* Input material:
▬▬▬▬▬▬

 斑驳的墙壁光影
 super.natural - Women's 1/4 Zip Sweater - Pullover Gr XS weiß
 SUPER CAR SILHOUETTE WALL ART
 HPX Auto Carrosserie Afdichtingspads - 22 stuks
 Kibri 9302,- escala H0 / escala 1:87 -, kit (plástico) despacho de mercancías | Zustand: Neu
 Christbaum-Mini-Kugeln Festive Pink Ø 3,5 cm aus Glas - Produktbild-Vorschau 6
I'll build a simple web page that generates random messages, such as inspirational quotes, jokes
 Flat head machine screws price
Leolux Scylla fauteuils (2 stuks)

▬▬▬▬▬▬

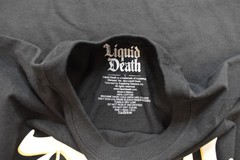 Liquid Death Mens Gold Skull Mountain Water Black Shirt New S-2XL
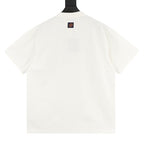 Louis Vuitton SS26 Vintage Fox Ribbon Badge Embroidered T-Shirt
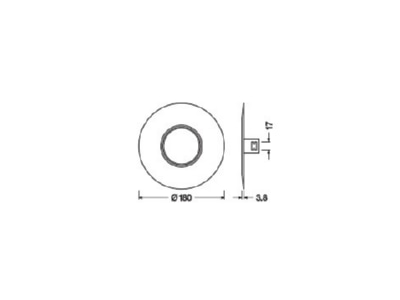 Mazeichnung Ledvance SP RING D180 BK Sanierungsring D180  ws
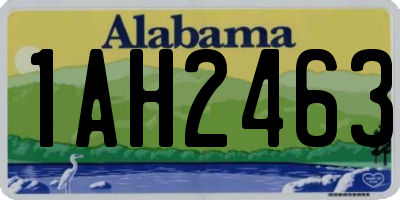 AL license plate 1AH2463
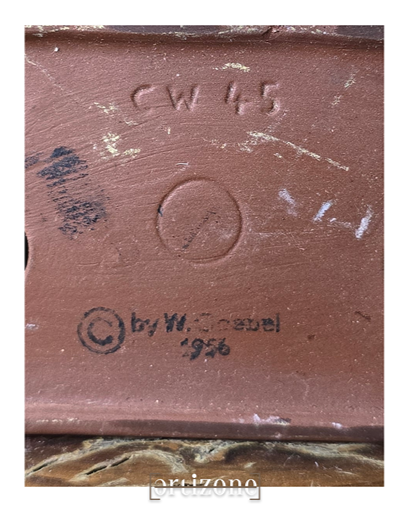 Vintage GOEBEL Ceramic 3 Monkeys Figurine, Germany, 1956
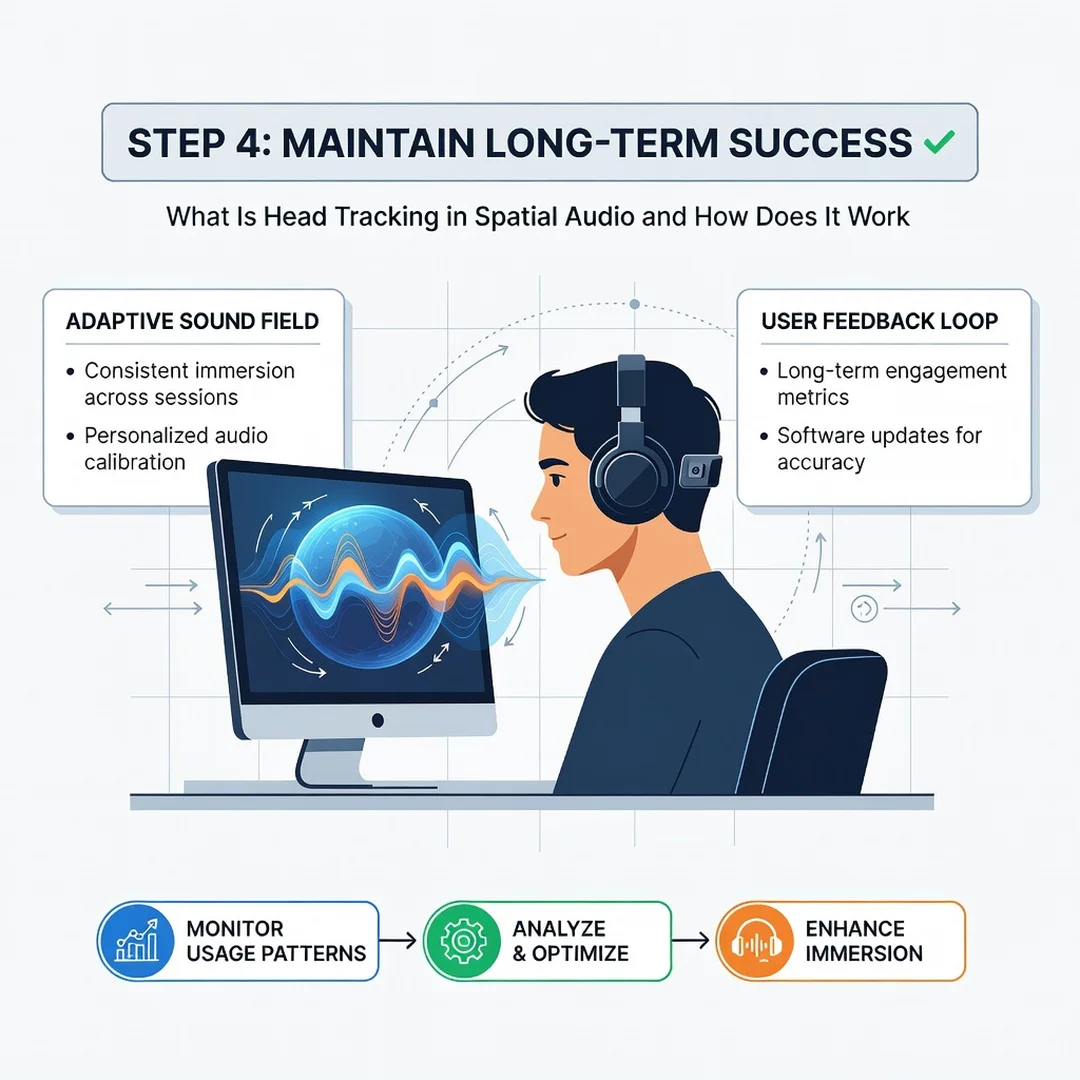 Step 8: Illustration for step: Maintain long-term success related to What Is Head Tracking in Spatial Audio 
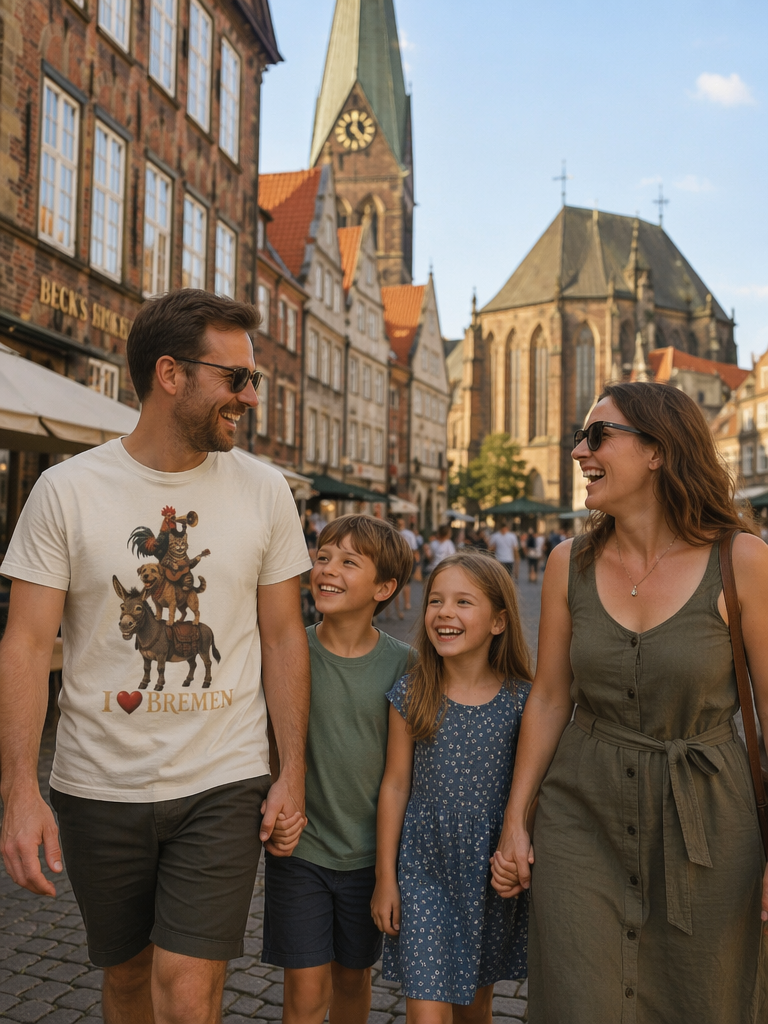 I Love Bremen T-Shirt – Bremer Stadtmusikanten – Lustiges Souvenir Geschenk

▬▬▬▬▬▬

* Work instructions: Output should match, line for line, the stretch of the material above from the line holding "SUPER CAR SILHOUETTE WALL ART" through the line holding "Christbaum-Mini-Kugeln Festive Pink".

* Output of the exercise:
 SUPER CAR SILHOUETTE WALL ART
 HPX Auto Carrosserie Afdichtingspads - 22 stuks
 Kibri 9302,- escala H0 / escala 1:87 -, kit (plástico) despacho de mercancías | Zustand: Neu
 Christbaum-Mini-Kugeln Festive Pink Ø 3,5 cm aus Glas - Produktbild-Vorschau 6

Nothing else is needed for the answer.